■ Assignment ■
Transcribe all of the data exactly. Images stay out.
Given data Start Marker
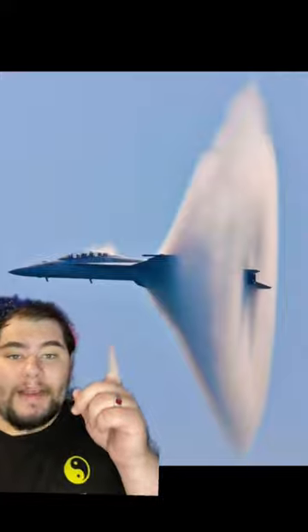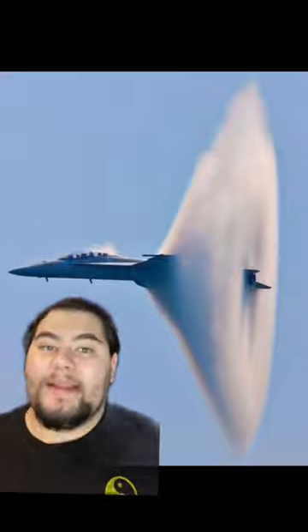And this is the moment as it's breaking through the sound barrier, and as you probably guessed, it's a really, really loud moment. Listen.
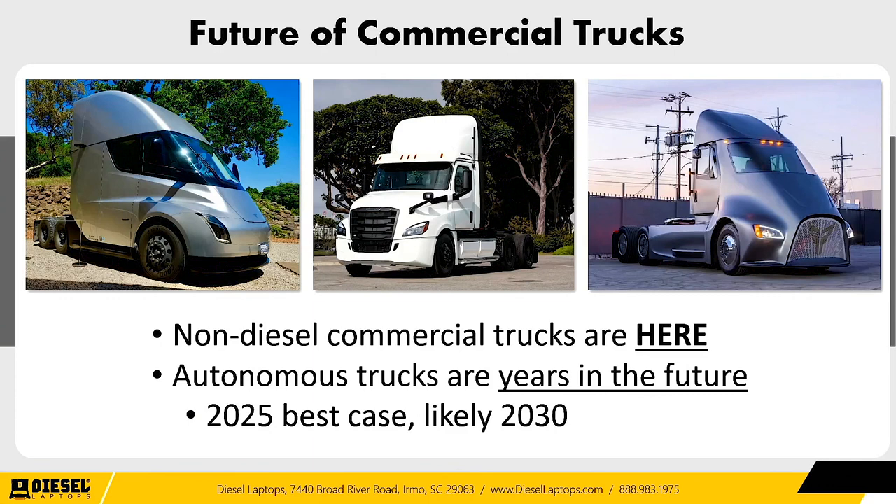Let's talk about the future of commercial trucks. Non-diesel commercial trucks are already here — mass production is already happening at major manufacturers. Daimler Chrysler and Volvo are leaders, already producing electric trucks. New players are also entering the truck market, including Thor and Tesla, both of which have said they'll start producing trucks in 2021–22. That innovation is great because it forces everyone to think differently.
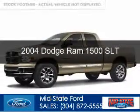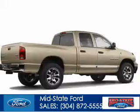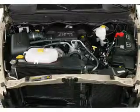This is a used 2004 Dodge Ram 1500. Grab life by the horns. Powered by 4-wheel drive and a 5.7 liter 8-cylinder engine.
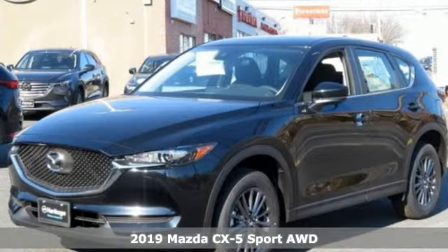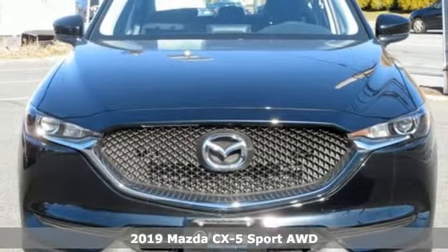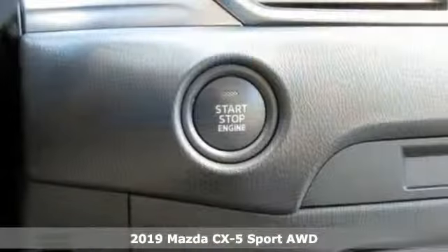It's a new 2019 Mazda CX-5. For all the things that drive you, there's Mazda. It boasts an impressive list of features like these.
Given data End Marker
■ Solution to this task ■
And this is the moment as it's breaking through the sound barrier, and as you probably guessed, it's a really, really loud moment. Listen.
Let's talk about the future of commercial trucks. Non-diesel commercial trucks are already here — mass production is already happening at major manufacturers. Daimler Chrysler and Volvo are leaders, already producing electric trucks. New players are also entering the truck market, including Thor and Tesla, both of which have said they'll start producing trucks in 2021–22. That innovation is great because it forces everyone to think differently.
This is a used 2004 Dodge Ram 1500. Grab life by the horns. Powered by 4-wheel drive and a 5.7 liter 8-cylinder engine.
It's a new 2019 Mazda CX-5. For all the things that drive you, there's Mazda. It boasts an impressive list of features like these.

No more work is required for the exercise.